The federal government deployed SWAT teams from 16 different federal divisions to deal with the unrest surrounding racial justice protests in May and June, Congress’ chief watchdog said in a report Thursday that reveals the extent of Trump administration action.

Teams deployed from Buffalo to Miami, and from San Diego to D.C., in some cases as the main protection for federal buildings and in other cases as backup to other national or local law enforcement agencies, according to the Government Accountability Office.

The deployments have drawn intense scrutiny, with Trump critics saying the federal presence was heavy-handed, particularly in the nation’s capital.

The District of Columbia was the most intense, with 11 different tactical teams playing some role there during protests. They ranged from the FBI’s Hostage Rescue Team to the Pentagon’s 14-member Force Protection Emergency Response Team, which deployed to clear protesters from near a military courthouse in downtown.

Buffalo and San Diego each saw four different SWAT teams deployed.



Other cities included El Paso, Dallas, House and Pearland in Texas; Detroit and Port Huron in Michigan; St. Louis; Los Angeles and San Francisco in California; New York City; Seattle and Tacoma in Washington; and Denver.

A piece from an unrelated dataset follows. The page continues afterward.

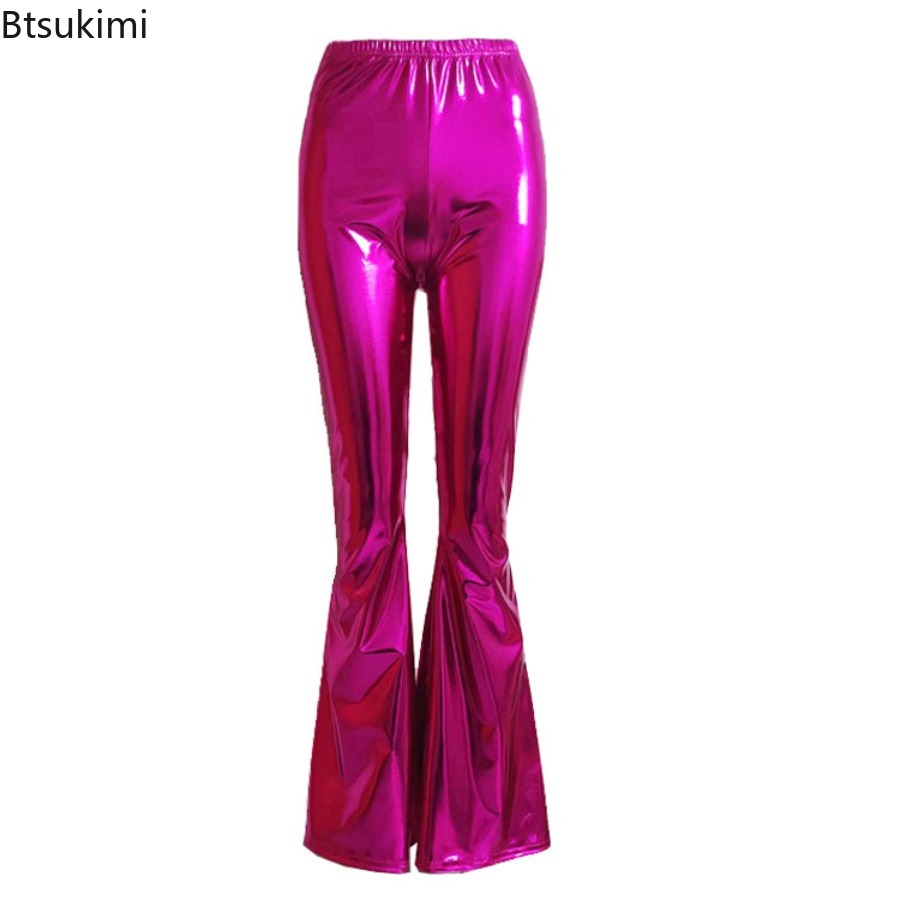 Women's Shiny Bell Bottom Pant - Wide Leg Trouser 70S review and price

Portland was not listed, likely because of the time frame. GAO’s review only spanned through June, and additional federal tactical teams were sent to the Oregon city in July.

Federal officials say they sent in reinforcements after violent riots broke out around the federal courthouse and local police were told to stand down.

The U.S. Marshals Service declined to say where it deployed tactical teams, calling it a sensitive matter. The agency wouldn’t even disclose the number of people on its tactical teams.

Other agencies, though, were forthcoming.

GAO released the information as part of a broader audit of 25 tactical teams run by federal agencies.

They range from the FBI’s SWAT team, with nearly 1,100 members, to a two-man team at the National Institutes of Health.